|
Moab Workload Manager®
|
Moab-SGE Integration Notes
Copyright © 2009 Cluster
Resources, Inc.
This document provides information on the steps to
integrate Moab with an existing functional
installation of SGE.
Notice
Distribution of this document for commercial purposes
in either hard or soft copy form is strictly prohibited
without prior written consent from Cluster Resources,
Inc.
Overview
Moab's native resource manager interface can be used
to manage an SGE resource manager. The integration steps
simply involve the creation of a complex variable and a
default request definition. The moab tools directory
contains a collection of customizable scripts which are
used to interact with sge. This directory also contains a
configuration file for the sge tools.
Moab
Integration Steps
You should follow the regular steps for installing
Moab with the following exceptions:
Run Configure with
the --with-sge option
When running the configure command, use the
--with-sge option to specify the use of the native
resource manager interface with the sge resource
manager subtype. This will place a line similar to the
following in the moab configuration file
(moab.cfg):
RMCFG[clustername] TYPE=NATIVE:sge
Example 1. Running configure
$ ./configure --prefix=/opt/moab
--with-homedir=/var/moab --with-sge
Customize the moab
configuration file
In order to allow the specification of a parallel
environment (-l pe) via msub, you will need to tell
Moab to pass through arbitrary resource types.
Example 2. Edit moab.cfg
# vi /var/moab/moab.cfg
# Transmit arbitrary resource types (ie. pe) from msub into the job-start script
CLIENTCFG[Moab] FLAGS=AllowUnknownResource
# Allow regular users to awaken the scheduler for responsive msubs
ADMINCFG[5] USERS=ALL SERVICES=mschedctl:resume
Customize the sge
tools configuration file
You may need to customize the
$MOABHOMEDIR/etc/config.sge.pl file to include the
correct SGE_ROOT and PATH, and set other configuration
parameters.
Example 3. Edit config.sge.pl
# vi
/var/moab/etc/config.sge.pl
# Set the SGE_ROOT environment variable
$ENV{SGE_ROOT} = "/opt/sge-root";
# Set the PATH to include directories for sge commands -- qhost, etc.

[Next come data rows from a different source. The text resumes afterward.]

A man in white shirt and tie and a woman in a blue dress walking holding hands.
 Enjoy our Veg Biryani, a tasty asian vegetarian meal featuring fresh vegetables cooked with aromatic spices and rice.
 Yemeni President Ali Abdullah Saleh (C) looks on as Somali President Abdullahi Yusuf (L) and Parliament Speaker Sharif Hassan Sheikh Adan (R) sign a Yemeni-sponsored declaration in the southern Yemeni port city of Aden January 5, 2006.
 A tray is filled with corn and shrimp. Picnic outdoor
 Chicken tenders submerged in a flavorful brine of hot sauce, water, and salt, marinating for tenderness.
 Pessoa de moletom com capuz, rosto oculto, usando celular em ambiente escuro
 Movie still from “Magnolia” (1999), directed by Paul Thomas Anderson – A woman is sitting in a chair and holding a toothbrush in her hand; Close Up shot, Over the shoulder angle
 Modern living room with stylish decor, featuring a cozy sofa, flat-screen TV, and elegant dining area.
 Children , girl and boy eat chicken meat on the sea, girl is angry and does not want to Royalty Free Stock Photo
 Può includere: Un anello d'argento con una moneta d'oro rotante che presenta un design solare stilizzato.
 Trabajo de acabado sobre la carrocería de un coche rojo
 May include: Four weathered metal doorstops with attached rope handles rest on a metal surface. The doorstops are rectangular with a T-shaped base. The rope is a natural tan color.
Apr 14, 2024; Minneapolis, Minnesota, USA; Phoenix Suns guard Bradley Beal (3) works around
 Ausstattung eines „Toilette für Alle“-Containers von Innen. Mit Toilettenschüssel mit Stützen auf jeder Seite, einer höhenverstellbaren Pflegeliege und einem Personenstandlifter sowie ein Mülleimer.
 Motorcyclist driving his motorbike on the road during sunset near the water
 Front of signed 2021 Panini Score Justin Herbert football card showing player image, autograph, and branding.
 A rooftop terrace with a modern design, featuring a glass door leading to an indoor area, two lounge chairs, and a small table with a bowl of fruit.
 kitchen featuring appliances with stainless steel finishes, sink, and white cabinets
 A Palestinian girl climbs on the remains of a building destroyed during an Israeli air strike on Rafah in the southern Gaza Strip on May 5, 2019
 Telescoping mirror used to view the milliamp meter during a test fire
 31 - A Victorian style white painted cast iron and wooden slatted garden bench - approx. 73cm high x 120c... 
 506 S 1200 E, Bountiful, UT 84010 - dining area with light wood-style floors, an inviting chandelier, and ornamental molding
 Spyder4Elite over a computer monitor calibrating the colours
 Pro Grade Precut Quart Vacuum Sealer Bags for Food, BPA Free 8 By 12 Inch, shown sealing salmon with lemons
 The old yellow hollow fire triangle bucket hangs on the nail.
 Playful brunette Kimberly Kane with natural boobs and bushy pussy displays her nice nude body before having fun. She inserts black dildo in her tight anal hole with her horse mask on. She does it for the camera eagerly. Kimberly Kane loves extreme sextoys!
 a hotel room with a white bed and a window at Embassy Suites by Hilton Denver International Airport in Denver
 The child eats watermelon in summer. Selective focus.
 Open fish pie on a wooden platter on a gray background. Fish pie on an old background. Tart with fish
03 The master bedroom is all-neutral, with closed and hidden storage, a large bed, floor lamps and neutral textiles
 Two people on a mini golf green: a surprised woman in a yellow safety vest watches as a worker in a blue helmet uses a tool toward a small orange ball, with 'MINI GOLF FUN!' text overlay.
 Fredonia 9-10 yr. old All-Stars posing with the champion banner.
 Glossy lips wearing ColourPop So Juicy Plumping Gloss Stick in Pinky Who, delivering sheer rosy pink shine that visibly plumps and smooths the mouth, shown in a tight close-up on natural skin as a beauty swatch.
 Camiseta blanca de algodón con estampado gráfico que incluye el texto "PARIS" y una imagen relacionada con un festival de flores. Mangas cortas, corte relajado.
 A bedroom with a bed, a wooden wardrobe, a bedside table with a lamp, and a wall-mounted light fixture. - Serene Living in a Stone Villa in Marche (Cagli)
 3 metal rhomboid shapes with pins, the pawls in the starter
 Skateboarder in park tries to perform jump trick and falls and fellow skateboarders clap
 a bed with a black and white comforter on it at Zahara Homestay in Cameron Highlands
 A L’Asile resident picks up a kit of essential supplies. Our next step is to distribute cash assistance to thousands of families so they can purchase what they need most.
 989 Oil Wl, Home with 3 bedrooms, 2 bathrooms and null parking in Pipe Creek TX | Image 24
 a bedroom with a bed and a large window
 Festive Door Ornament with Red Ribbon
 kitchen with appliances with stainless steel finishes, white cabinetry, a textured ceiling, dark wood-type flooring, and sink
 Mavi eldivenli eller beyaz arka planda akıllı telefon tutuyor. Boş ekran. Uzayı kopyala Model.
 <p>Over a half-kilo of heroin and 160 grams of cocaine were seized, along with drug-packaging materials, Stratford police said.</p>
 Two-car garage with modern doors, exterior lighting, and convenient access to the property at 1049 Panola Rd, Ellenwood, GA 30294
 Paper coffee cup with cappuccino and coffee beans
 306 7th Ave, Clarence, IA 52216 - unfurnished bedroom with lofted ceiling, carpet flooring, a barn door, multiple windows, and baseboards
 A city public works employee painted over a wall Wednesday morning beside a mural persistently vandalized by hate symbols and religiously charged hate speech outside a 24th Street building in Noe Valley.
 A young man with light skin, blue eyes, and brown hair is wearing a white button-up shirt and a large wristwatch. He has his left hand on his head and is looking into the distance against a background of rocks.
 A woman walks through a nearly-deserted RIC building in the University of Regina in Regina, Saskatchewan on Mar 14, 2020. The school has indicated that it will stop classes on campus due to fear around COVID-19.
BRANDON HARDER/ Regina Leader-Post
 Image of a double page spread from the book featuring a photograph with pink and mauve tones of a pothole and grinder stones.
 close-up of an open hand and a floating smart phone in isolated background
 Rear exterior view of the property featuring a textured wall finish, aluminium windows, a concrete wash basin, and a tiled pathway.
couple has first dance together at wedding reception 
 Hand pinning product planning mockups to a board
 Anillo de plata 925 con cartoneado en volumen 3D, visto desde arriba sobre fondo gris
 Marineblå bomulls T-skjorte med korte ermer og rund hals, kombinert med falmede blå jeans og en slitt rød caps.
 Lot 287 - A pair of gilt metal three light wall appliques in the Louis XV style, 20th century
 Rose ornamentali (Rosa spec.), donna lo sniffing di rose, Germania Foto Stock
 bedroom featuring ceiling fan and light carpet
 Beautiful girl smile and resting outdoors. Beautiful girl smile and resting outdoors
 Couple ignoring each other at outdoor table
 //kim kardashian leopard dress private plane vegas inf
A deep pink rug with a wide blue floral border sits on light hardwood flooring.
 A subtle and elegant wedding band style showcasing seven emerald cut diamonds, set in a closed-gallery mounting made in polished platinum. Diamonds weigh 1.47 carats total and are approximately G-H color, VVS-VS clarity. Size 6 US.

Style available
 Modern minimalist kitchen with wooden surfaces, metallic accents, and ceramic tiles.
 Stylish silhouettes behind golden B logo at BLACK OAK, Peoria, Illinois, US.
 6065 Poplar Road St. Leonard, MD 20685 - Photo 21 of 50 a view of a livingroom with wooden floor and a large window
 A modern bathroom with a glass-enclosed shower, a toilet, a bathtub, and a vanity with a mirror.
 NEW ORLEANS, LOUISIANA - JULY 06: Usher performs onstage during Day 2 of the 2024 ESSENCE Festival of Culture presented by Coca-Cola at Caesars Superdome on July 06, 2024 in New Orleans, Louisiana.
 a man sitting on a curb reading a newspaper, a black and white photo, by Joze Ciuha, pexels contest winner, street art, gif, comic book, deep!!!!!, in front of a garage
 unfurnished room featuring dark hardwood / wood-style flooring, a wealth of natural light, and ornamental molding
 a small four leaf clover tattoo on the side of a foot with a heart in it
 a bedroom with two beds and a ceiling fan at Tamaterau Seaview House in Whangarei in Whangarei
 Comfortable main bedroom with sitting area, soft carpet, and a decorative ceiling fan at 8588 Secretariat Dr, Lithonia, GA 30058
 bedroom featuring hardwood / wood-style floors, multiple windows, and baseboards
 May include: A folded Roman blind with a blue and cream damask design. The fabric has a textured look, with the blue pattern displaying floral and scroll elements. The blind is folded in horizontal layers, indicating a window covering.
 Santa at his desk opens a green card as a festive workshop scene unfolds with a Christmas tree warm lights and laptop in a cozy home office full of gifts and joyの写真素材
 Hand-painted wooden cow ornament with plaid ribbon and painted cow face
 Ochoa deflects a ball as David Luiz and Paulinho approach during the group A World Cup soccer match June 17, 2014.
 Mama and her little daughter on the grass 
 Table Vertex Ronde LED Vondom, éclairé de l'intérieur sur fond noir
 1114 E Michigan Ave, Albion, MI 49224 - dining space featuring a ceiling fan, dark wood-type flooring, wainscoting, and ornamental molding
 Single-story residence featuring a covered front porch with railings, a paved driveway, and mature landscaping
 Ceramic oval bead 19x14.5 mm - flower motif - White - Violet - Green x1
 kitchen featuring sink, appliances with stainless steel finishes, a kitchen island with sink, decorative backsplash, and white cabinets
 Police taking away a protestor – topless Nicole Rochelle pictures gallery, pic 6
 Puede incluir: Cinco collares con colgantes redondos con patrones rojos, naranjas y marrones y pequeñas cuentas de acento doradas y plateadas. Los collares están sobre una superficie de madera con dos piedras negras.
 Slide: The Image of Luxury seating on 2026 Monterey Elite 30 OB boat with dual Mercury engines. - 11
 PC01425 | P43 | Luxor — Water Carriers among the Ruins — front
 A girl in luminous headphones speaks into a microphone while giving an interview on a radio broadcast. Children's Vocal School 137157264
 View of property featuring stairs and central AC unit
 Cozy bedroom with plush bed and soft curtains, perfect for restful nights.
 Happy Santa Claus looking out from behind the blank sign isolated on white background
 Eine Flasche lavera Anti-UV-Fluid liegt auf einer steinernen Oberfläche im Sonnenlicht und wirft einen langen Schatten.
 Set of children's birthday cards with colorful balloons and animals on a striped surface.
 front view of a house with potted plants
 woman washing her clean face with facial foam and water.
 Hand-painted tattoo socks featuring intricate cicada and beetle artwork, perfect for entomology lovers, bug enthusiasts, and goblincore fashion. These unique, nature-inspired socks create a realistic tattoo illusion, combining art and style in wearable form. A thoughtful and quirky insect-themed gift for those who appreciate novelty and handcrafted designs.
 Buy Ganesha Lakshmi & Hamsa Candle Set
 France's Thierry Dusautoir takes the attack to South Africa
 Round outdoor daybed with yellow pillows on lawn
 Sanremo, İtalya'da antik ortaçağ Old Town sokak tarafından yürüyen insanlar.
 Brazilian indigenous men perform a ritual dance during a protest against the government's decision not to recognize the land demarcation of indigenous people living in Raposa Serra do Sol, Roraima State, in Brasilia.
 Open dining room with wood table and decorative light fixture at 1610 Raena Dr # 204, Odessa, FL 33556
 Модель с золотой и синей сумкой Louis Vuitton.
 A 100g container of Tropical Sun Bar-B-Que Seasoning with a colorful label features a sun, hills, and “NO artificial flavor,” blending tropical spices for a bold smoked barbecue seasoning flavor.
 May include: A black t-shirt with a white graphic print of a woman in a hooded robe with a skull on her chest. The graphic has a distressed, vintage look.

$ENV{PATH} = "$ENV{SGE_ROOT}/bin/lx24-x86:$ENV{PATH}";
SGE
Integration Steps
After installing SGE on your cluster and verifying
that it is running serial and parallel jobs
satisfactorily, you should perform the following
steps:
Define a new complex
variable named nodelist
Use the qconf -mc command to edit the complex
variable list and add a new requestable variable of the
name nodelist and the type RESTRING.
#
qconf -mc
nodelist nodelist RESTRING == YES NO NONE 0
Add a default
nodelist request definition
This step will set the nodelist complex variable for
all jobs to the unassigned state until they are ready
to run, at which time the job will be assigned a
nodelist directing which nodes it can run on.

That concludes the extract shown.